Take the entries below and print only the lines from the one with "963 Mctrach Crescent Milton ON L9T 7B9" through the one with "17 Седан Audi A6 2005 в", exactly as they stand, both ends included.
━━ EXTRACTED DATA ━━
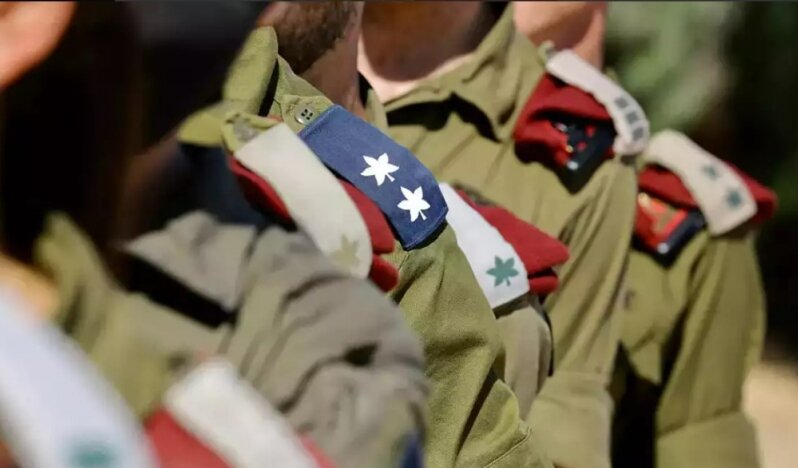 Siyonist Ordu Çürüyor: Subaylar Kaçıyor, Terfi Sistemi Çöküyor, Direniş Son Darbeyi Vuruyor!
━━━
━━ EXTRACTED DATA ━━
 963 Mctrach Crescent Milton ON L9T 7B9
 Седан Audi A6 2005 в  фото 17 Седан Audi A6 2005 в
━━━
◆ ANSWER TO THE PROBLEM:
 963 Mctrach Crescent Milton ON L9T 7B9
 Седан Audi A6 2005 в  фото 17 Седан Audi A6 2005 в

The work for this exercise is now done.